Add 1 carrot, 1 celery stalk and 2 onions (halved). Cover with heavily reduced veal stock. Add your favorite spices like bay, thyme, peppercorns and sage. Cover with foil and braise for about 4 hours at 250 degrees.
Let sit on stovetop 30 minutes before serving.
For garnish, add some root vegetables like sautéed baby carrots, celery root or turnips.

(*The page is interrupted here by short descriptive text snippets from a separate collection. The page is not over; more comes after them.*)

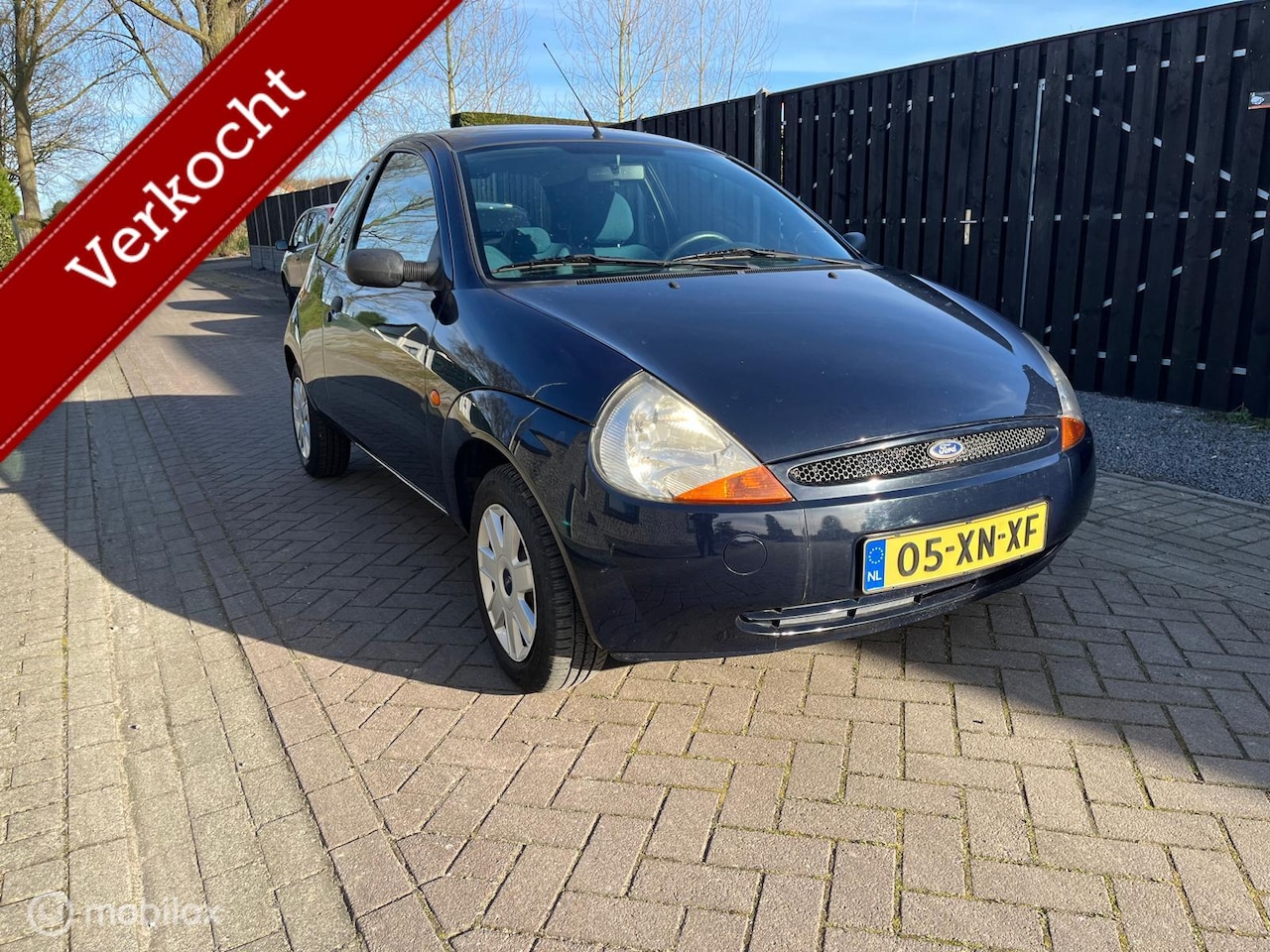 Ford Ka - 1.3 Summer Edition in prijs verlaagd - AutoWereld.nl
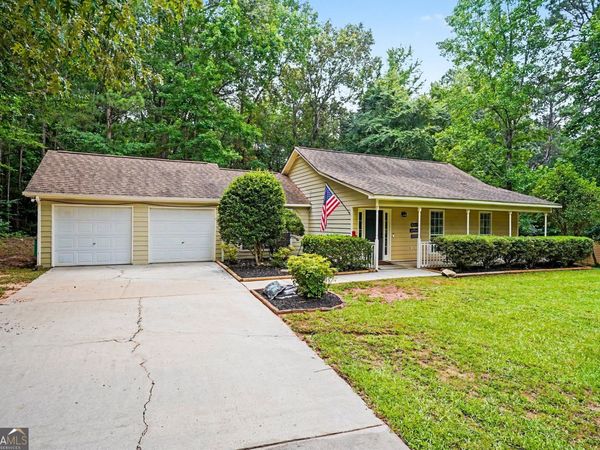 120 Landing Way, Griffin, GA 30223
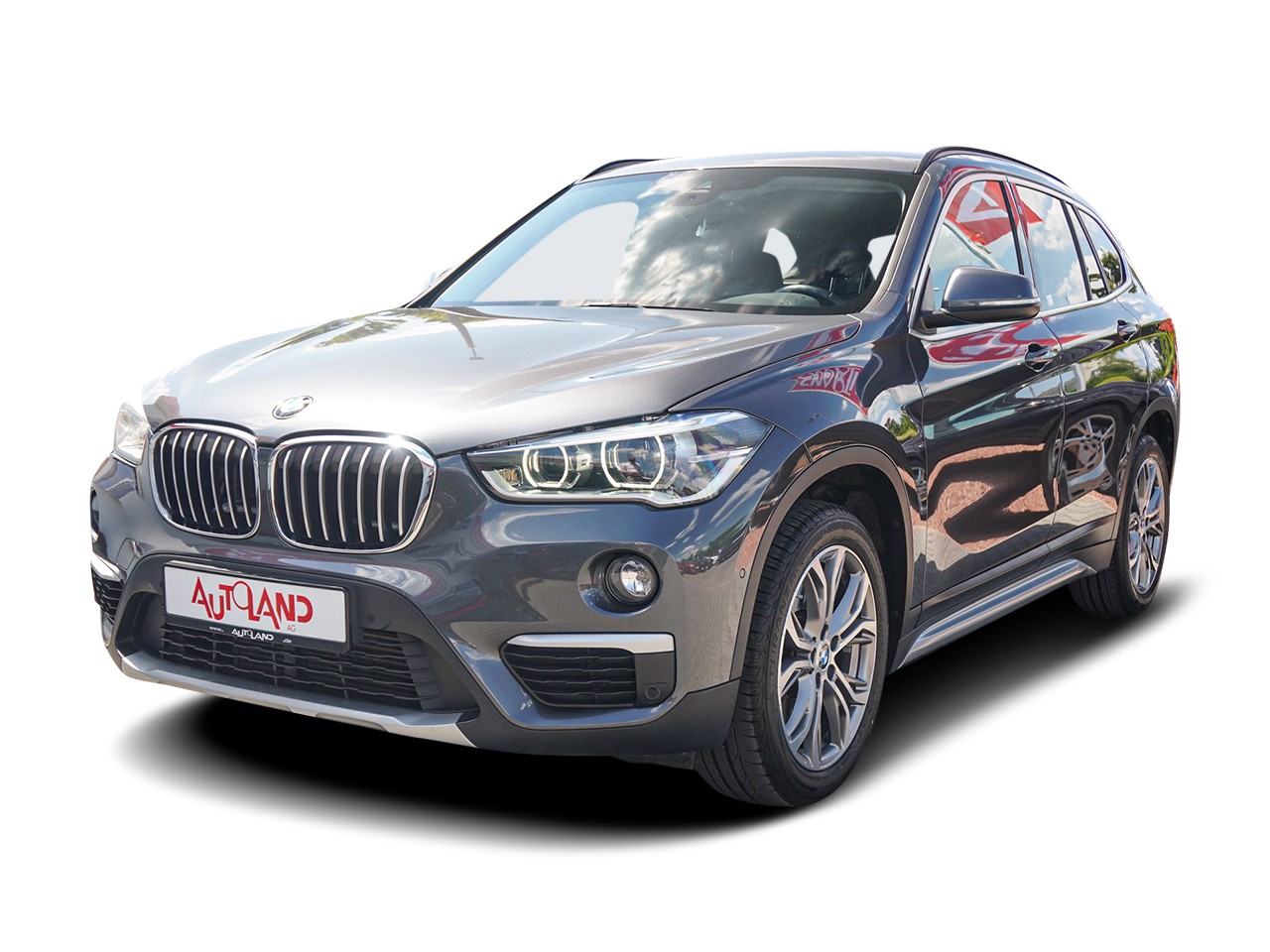 BMW X1 xDrive 20 i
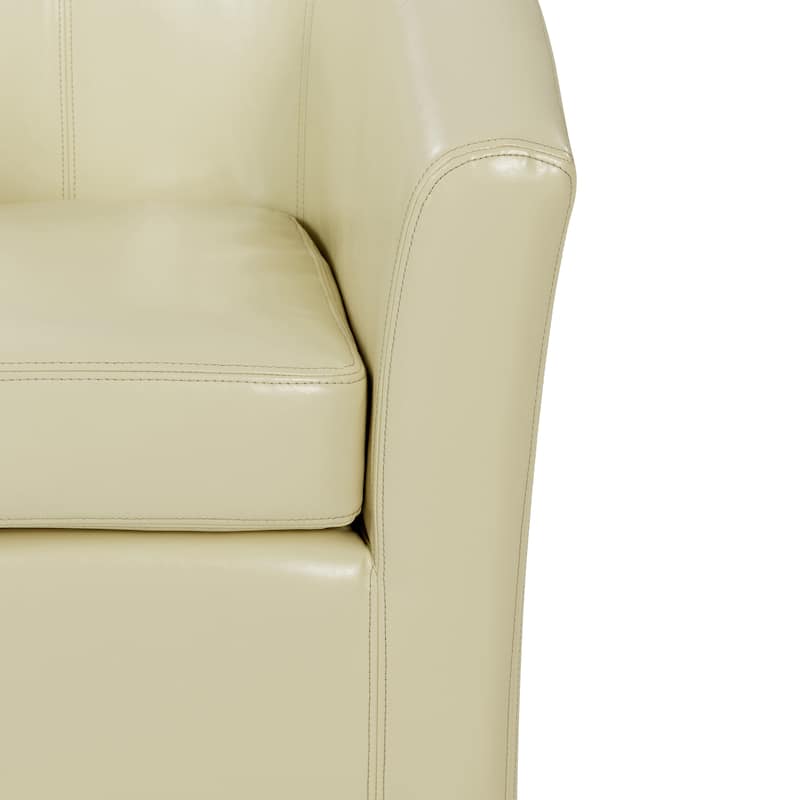 NPD Furniture Hayden Swivel Chair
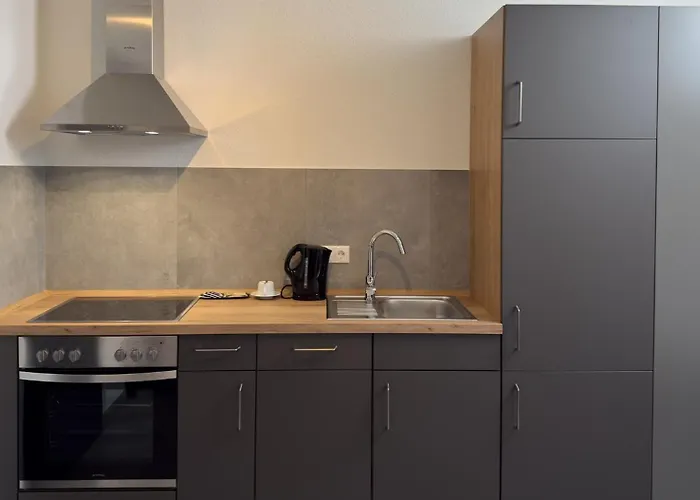 Good Night Hotel Paderborn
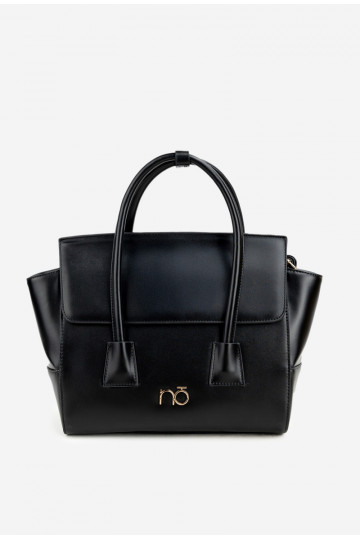 Tiene queno Trompa NOBO BAG5810-020 negro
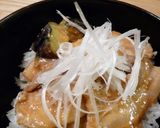 ご飯がすすむ☆味噌バラ丼作り方7写真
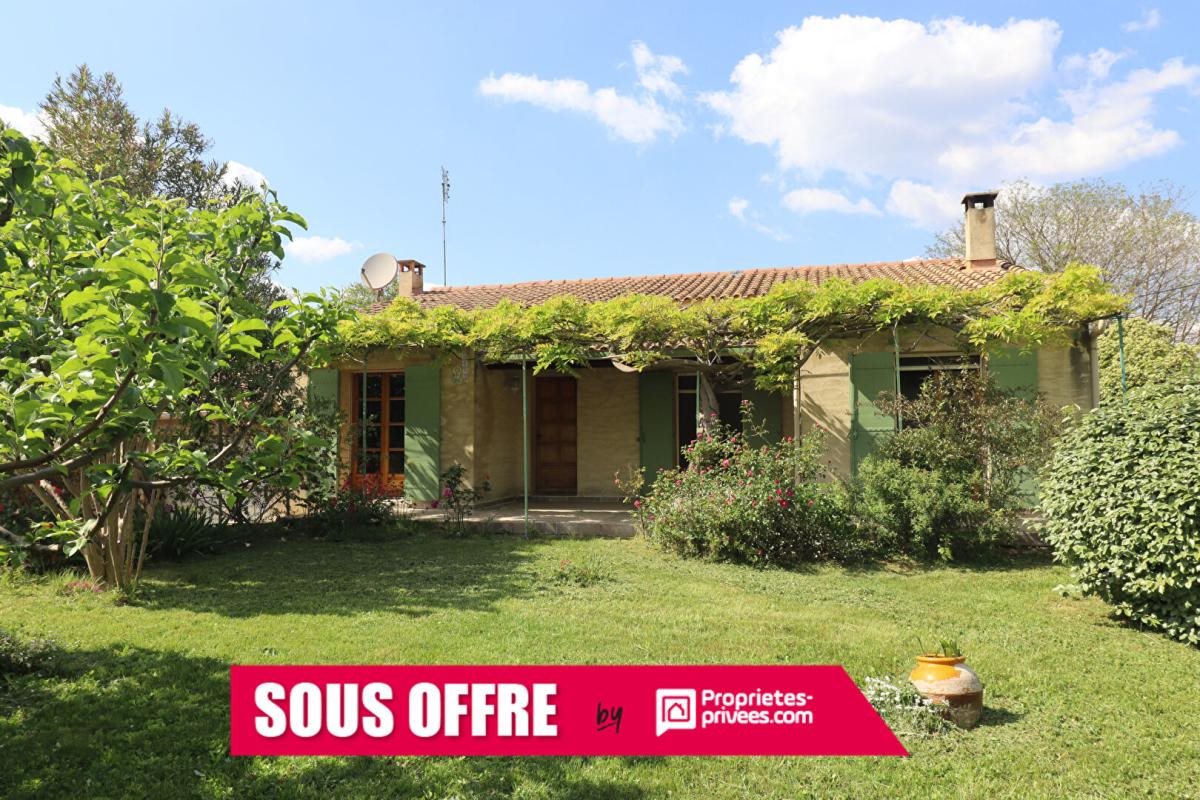 Maison à vendre, 114m², Avignon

To serve, in a deep bowl ladle a big spoon of the porridge. With the back tip of the spoon drag it through the porridge to make a well for the oxtail. Place the oxtail in the well and ladle a spoonful of the smoky sauce over the oxtail to glaze it. Add chosen garnish and enjoy.
Grilled Whole Bass
To debone fish:
Turn fish so that bottom side is up. With kitchen scissors cut from the collar down to the tail on one side of spine and then again on the other side of the spine. This will free the ribs. Using a kitchen knife cut along both sides of spine up to the top of the fish. This will cut out all the internal bones. Then cut out the belly flap. Or just eat and avoid bones.
For the Bass:
1-2 pounds scaled and gutted striped bass (available at Whole Foods)
Corse salt and pepper
Extra virgin olive oil
1 pound Persian cucumbers cut into coins on a mandolin
2 Tbsp apple cider vinegar
½ Tbsp extra virgin olive oil
1 tsp salt
1 lime cut into very thin coins/rings (as thin as you can get it and still be intact)
Drizzle of extra virgin olive oil
Sprinkle with salt
Herb and Citrus Salad:
¼ cup picked cilantro sprigs
¼ cup parsley leaves
¼ cup chervil sprigs
¼ cup picked tarragon leaves
Ribbons from 2 lemons (blanched)
Ribbons from 2 oranges (blanched)
Ribbons from 2 limes (blanched)
1 tsp Maldon Sea Salt
1 tsp of extra virgin olive oil
1 cup Greek yogurt
1 tsp toasted coriander seed smashed in mortar and pestle or spices grinder
Turn grill on high. Season fish with salt, pepper and oil. After grill is hot start fish. This takes the longest amount of time and needs to be done first. Allow to cook for 4 minutes and then turn 45 degrees on grill to get nice crass marks and cook evenly. Allow to cook for 3 minutes and turn. Place on a less hot spot of the grill and return to kitchen for other prep. After 10 minutes just turn the grill off and get the fish when you are ready. Mix all quick pickle ingredients together and allow to sit until ready to use. Toast and crush the coriander seeds and mix with yogurt and set aside as well. Mix salad and place on the side. Place the fish on a large platter with the accompaniments around it. Flatbreads and tortillas are always a good vehicle to put everything on.